Exeter (LT 139) Alongside the Fish Market in 1935


 From the West Wales Guardian of Friday 22nd January 1937:

 On Wednesday the steam trawler "Exeter" entered port with her red ensign flying at half mast, bearing the mortal remains of the skipper of the vessel, Mr. Avery Pitman, 43, Starbuck Road, who had died at sea on the previous day.

    The mate, Mr. W. Johnston, of Hill Street, Hakin, Pembrokeshire, Wales, immediately turned the vessel round and headed back to port.
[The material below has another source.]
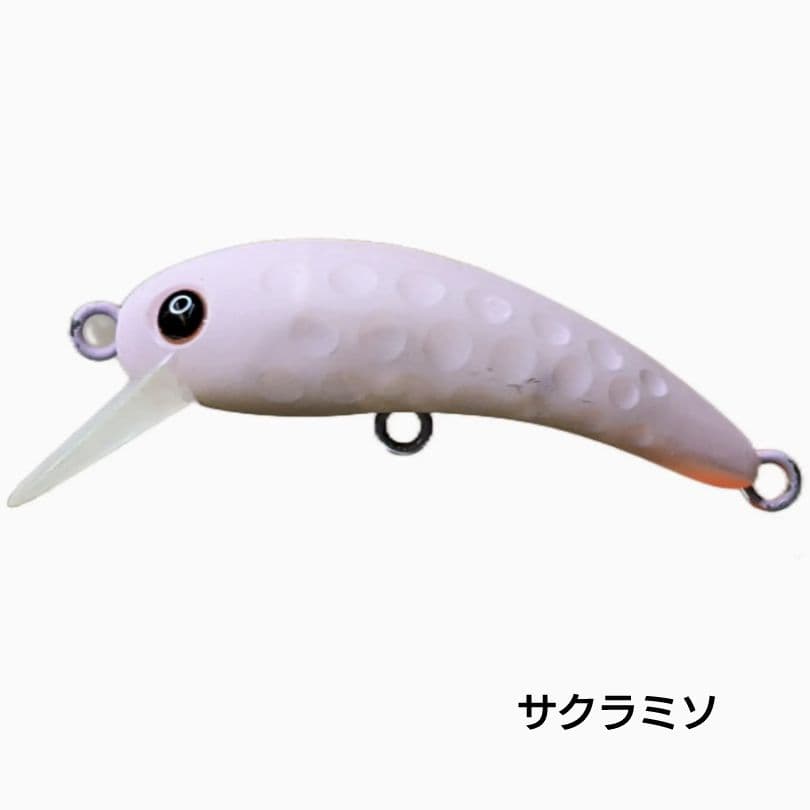 ラッキークラフト FCT ワウ（ふわう）33SDS 全6種セット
The deceased, a native of Brixham, was fifty-three years old and had been fishing out of Milford for the last twenty years.  A week before he died, skipper Pitman was in another vessel when he netted a six-foot Bay tree firmly planted in a tub of earth while fishing off the Smalls.  It was a coincidence that he was found dead at approximately the same place as the Bay tree was netted.   

    Local legend has it that when the tree was netted in the trawl, the mate wanted to throw it back into the sea.  The skipper insisted that the tree should be kept on the casing of the ship ready to take ashore for his garden.  The mate then told the skipper that it was very unlucky as the wooden tub was the wood to build the coffin, the earth to cover the coffin, and the tree to give the grave shade.

    As you now know, a week later, they found the skipper dead in the wheelhouse, whilst fishing over the same area as the tree was found. The Skipper's body was placed in the trawler's small boat aft and brought back to Milford Haven, Wales.